The problem: Although the records include pictures, the copy should not; write out exactly the lines from the first through the line with "Glassmorphism v2 template mobiil".

+--

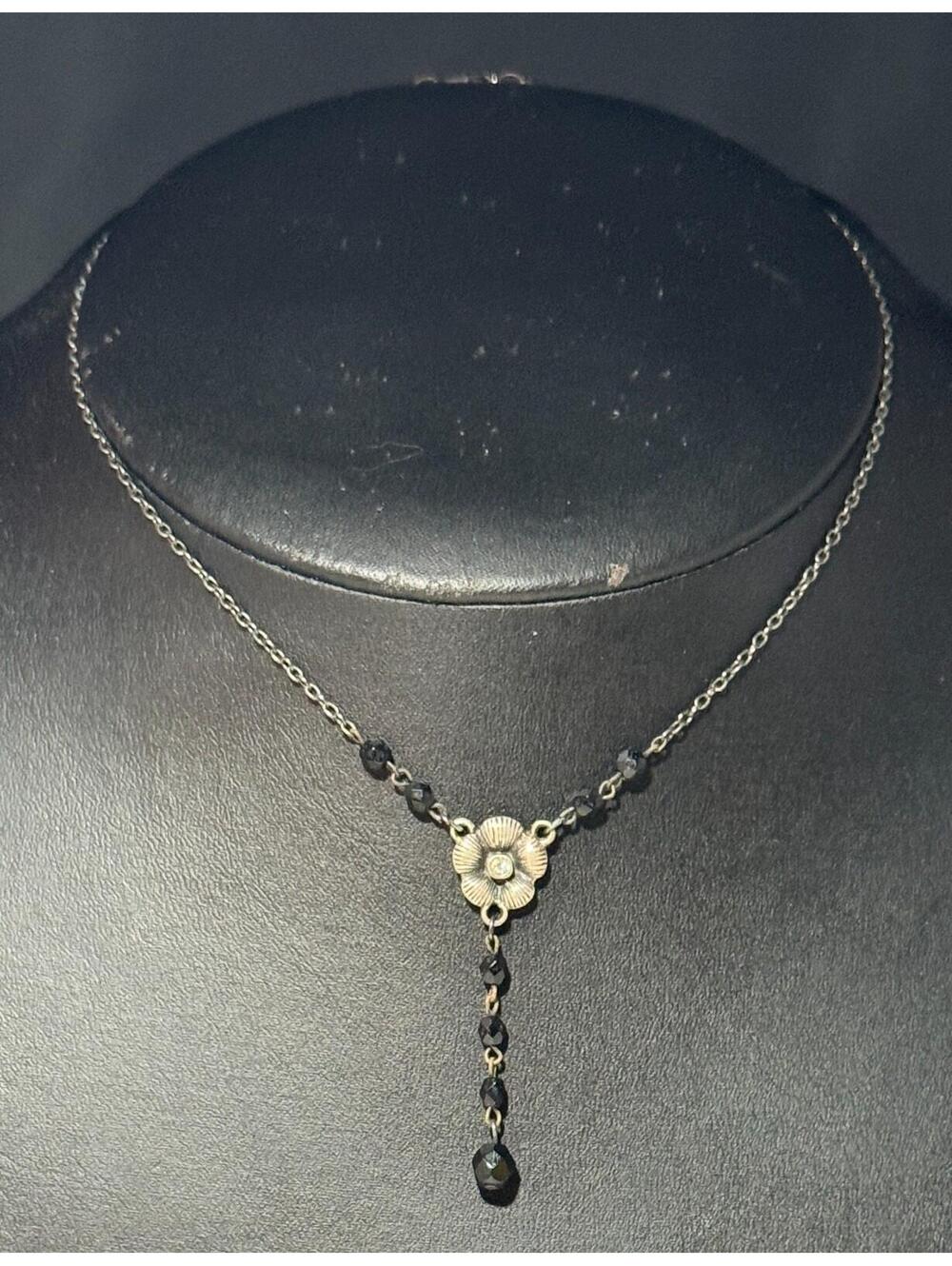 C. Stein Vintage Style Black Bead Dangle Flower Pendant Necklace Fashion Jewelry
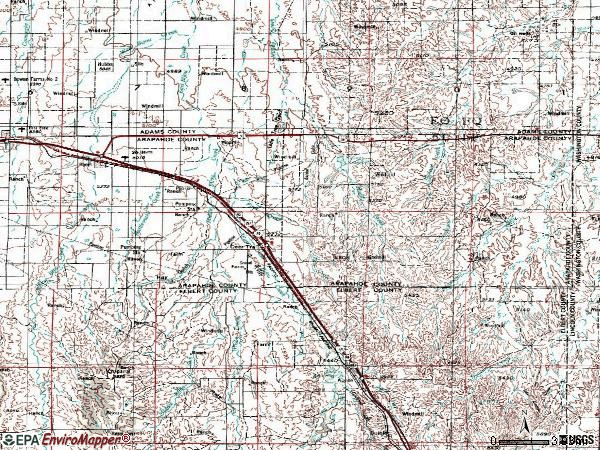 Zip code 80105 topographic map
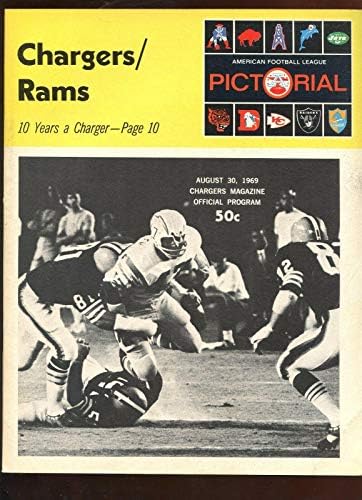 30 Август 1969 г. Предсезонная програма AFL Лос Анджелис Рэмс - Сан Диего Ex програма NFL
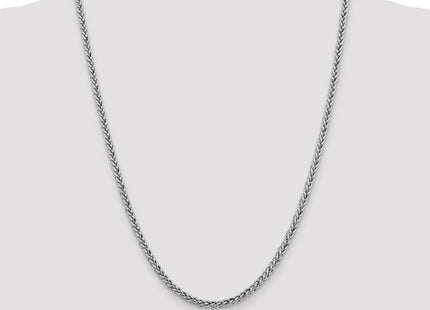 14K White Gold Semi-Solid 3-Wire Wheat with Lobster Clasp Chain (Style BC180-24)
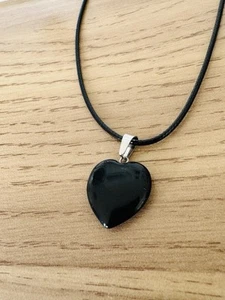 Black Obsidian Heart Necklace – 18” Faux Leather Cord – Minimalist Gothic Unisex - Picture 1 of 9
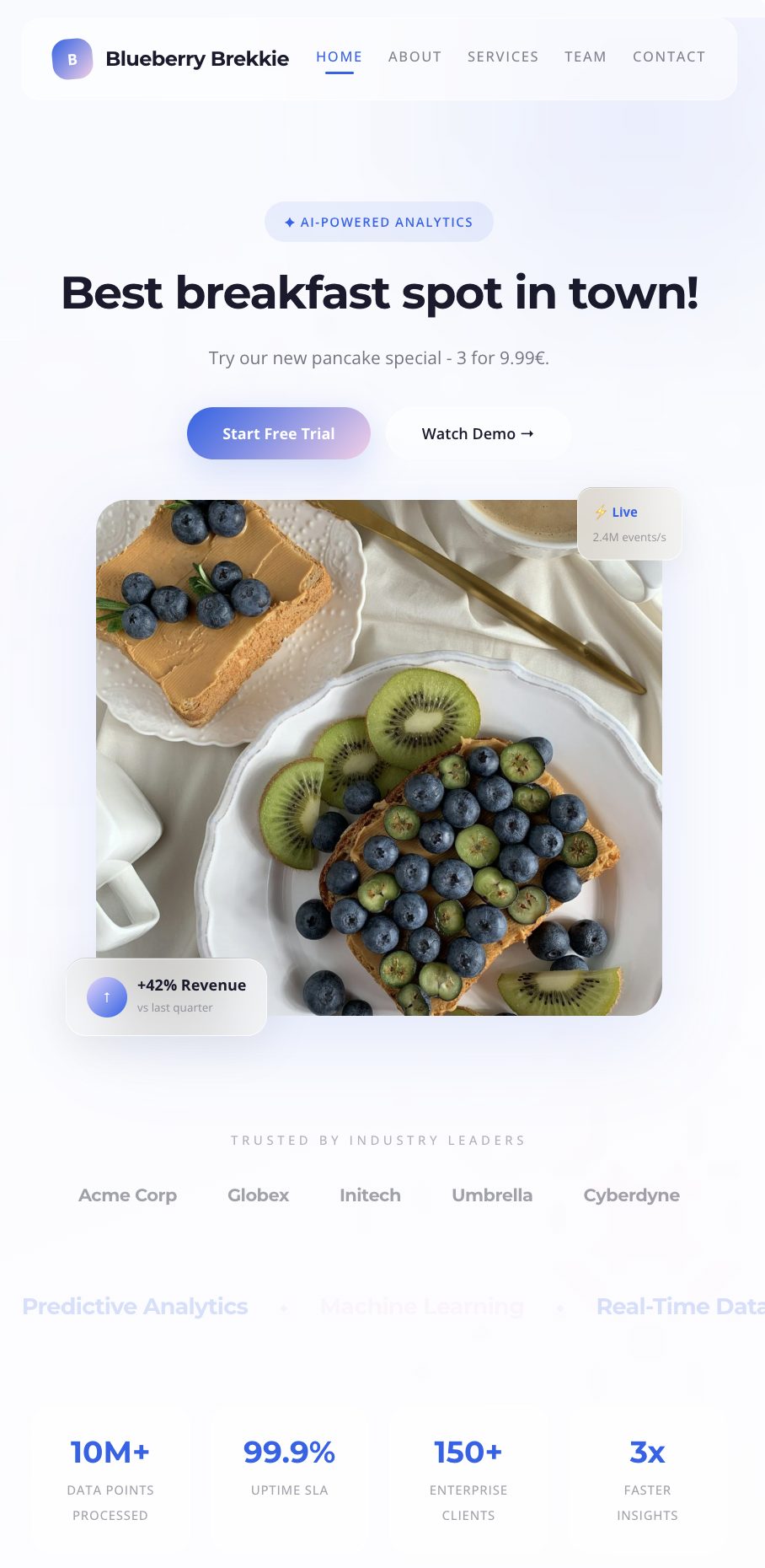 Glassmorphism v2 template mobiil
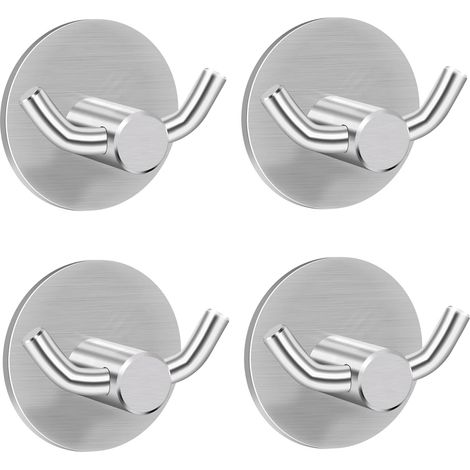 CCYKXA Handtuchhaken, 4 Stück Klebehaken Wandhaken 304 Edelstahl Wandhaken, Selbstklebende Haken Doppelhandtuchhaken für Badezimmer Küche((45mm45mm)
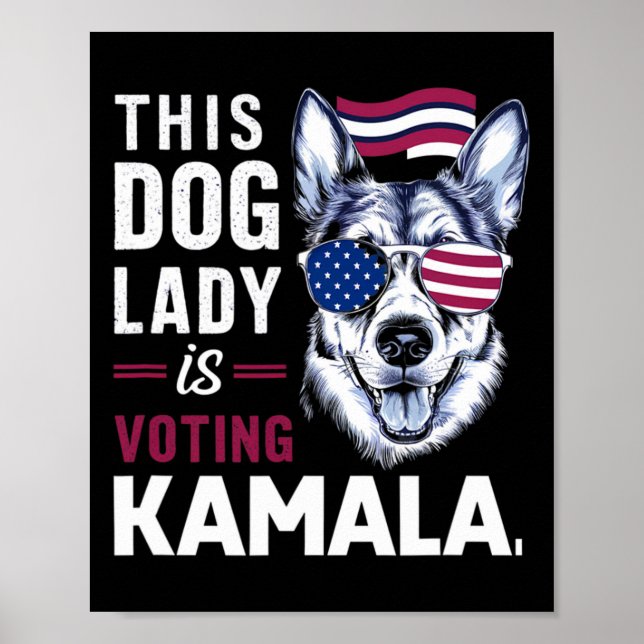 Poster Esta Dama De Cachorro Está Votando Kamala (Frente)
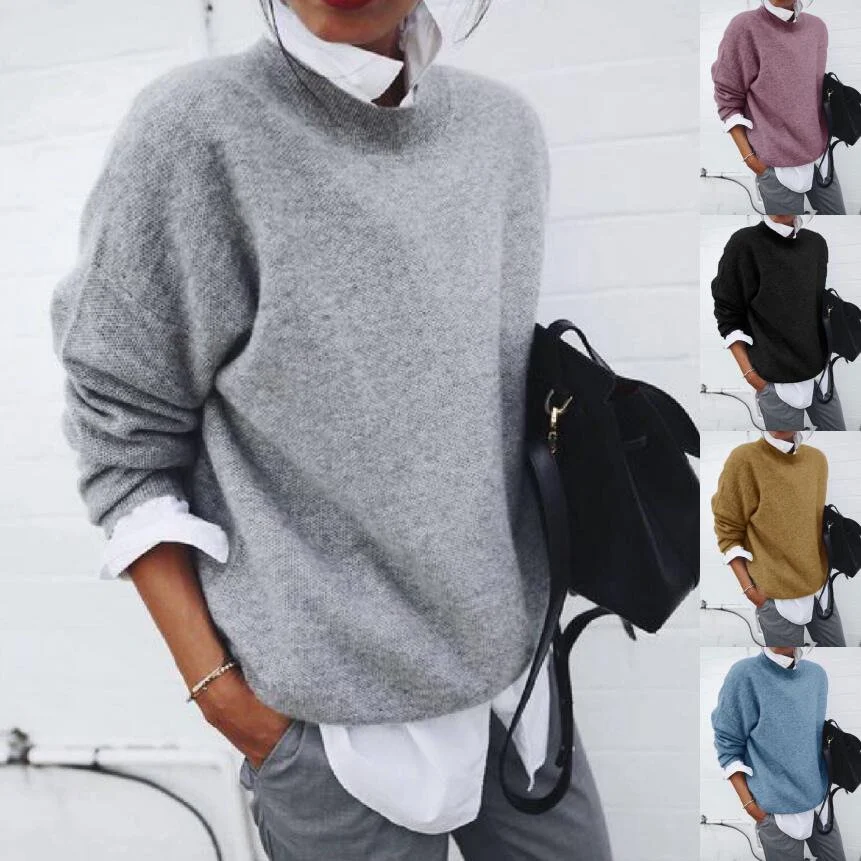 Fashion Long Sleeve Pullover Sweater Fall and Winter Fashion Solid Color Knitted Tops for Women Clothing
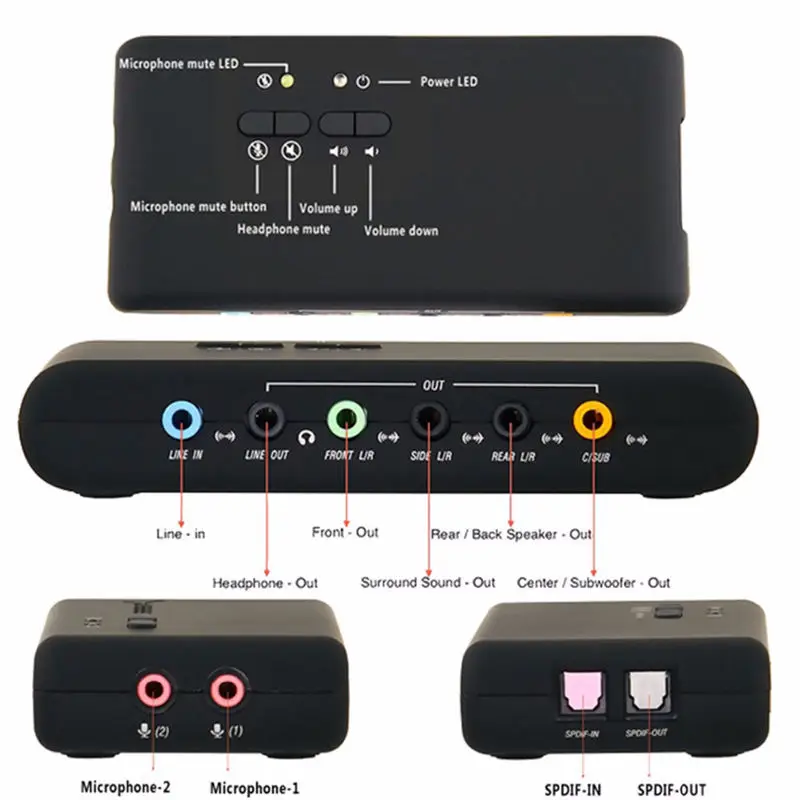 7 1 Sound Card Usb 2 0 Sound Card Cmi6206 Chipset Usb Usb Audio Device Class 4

+--

Solution for this exercise:
 C. Stein Vintage Style Black Bead Dangle Flower Pendant Necklace Fashion Jewelry
 Zip code 80105 topographic map
 30 Август 1969 г. Предсезонная програма AFL Лос Анджелис Рэмс - Сан Диего Ex програма NFL
 14K White Gold Semi-Solid 3-Wire Wheat with Lobster Clasp Chain (Style BC180-24)
 Black Obsidian Heart Necklace – 18” Faux Leather Cord – Minimalist Gothic Unisex - Picture 1 of 9
 Glassmorphism v2 template mobiil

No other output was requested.